**EXERCISE BRIEF:** Below are some records. Return exactly the lines from the one containing "Used 2025 MAZDA" through the one containing "Risen (Nintendo Switch)", both included, and only those.

**RECORDS:**
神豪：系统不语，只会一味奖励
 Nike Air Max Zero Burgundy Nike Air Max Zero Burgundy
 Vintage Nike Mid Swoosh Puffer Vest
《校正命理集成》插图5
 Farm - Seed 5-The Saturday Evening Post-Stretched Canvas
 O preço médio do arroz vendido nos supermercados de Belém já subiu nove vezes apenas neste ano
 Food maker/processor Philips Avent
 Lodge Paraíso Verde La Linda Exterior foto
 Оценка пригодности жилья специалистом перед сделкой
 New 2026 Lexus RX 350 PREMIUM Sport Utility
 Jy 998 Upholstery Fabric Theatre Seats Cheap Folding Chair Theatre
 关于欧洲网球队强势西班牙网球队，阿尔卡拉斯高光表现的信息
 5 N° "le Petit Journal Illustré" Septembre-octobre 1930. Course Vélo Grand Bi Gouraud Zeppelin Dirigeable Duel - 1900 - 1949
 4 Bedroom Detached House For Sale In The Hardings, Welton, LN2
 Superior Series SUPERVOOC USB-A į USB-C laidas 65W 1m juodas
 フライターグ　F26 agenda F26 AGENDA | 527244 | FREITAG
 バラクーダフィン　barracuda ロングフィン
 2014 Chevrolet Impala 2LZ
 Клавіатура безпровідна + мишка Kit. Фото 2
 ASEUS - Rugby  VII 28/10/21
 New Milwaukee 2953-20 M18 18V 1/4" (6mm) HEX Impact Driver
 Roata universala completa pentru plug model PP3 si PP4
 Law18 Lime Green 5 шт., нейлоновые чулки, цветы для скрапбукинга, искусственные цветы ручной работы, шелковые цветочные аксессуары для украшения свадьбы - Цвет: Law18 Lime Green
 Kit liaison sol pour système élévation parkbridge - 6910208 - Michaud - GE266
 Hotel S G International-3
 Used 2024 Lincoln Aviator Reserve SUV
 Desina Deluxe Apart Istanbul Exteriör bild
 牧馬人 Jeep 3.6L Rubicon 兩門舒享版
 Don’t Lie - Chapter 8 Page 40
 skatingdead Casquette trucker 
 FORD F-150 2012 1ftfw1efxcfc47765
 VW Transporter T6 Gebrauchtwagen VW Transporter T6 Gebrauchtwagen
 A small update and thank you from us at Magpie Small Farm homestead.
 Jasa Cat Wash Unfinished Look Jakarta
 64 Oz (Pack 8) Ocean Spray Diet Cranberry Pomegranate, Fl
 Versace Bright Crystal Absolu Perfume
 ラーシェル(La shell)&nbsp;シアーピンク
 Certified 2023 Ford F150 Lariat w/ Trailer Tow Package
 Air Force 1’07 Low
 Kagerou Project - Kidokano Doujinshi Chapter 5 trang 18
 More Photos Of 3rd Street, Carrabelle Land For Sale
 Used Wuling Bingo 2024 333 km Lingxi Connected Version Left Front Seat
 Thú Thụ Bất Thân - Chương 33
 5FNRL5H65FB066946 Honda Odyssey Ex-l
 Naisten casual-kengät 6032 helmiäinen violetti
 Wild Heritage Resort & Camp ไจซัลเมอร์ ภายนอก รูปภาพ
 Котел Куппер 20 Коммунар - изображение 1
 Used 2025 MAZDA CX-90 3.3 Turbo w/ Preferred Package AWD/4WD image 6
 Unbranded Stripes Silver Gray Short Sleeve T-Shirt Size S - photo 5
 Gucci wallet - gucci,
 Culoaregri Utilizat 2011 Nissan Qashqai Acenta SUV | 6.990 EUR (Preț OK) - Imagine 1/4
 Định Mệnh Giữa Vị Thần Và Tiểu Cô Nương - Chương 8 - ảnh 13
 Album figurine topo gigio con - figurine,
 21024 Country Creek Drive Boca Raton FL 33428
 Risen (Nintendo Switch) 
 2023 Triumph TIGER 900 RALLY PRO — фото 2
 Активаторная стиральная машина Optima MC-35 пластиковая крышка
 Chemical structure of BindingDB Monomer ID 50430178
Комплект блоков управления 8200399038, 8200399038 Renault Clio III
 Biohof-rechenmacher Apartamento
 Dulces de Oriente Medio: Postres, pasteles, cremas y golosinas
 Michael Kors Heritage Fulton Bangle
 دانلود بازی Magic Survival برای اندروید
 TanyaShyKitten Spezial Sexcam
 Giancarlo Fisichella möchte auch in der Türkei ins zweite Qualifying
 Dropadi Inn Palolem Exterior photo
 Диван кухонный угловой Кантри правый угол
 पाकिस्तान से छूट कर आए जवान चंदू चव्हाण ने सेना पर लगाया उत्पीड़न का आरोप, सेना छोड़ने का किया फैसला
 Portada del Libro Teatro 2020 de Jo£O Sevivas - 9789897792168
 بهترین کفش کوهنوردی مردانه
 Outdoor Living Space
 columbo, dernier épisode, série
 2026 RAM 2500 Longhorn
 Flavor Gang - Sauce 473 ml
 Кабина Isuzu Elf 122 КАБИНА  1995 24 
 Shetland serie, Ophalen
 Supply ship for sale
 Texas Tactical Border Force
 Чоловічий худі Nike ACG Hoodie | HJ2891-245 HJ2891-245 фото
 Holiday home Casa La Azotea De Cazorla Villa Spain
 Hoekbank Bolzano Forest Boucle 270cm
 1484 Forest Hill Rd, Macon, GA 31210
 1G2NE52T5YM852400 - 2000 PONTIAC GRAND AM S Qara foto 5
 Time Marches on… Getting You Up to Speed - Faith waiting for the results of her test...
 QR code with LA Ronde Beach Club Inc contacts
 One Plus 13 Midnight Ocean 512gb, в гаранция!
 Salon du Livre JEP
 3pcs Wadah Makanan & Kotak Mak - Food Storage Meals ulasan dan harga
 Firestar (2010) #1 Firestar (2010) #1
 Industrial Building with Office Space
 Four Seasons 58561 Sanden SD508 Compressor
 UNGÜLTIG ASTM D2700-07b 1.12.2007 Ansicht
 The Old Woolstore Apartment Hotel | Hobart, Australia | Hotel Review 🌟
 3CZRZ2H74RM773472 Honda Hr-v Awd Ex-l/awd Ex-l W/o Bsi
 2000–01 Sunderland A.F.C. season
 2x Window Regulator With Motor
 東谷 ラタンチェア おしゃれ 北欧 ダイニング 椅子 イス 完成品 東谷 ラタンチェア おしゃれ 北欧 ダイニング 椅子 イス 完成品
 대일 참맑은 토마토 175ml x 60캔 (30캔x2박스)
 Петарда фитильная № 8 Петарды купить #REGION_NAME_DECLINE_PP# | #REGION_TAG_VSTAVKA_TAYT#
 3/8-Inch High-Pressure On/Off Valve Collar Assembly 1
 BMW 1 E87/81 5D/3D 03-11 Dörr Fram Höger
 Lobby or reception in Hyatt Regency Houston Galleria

**SOLUTION TO THIS EXERCISE:**
 Used 2025 MAZDA CX-90 3.3 Turbo w/ Preferred Package AWD/4WD image 6
 Unbranded Stripes Silver Gray Short Sleeve T-Shirt Size S - photo 5
 Gucci wallet - gucci,
 Culoaregri Utilizat 2011 Nissan Qashqai Acenta SUV | 6.990 EUR (Preț OK) - Imagine 1/4
 Định Mệnh Giữa Vị Thần Và Tiểu Cô Nương - Chương 8 - ảnh 13
 Album figurine topo gigio con - figurine,
 21024 Country Creek Drive Boca Raton FL 33428
 Risen (Nintendo Switch) 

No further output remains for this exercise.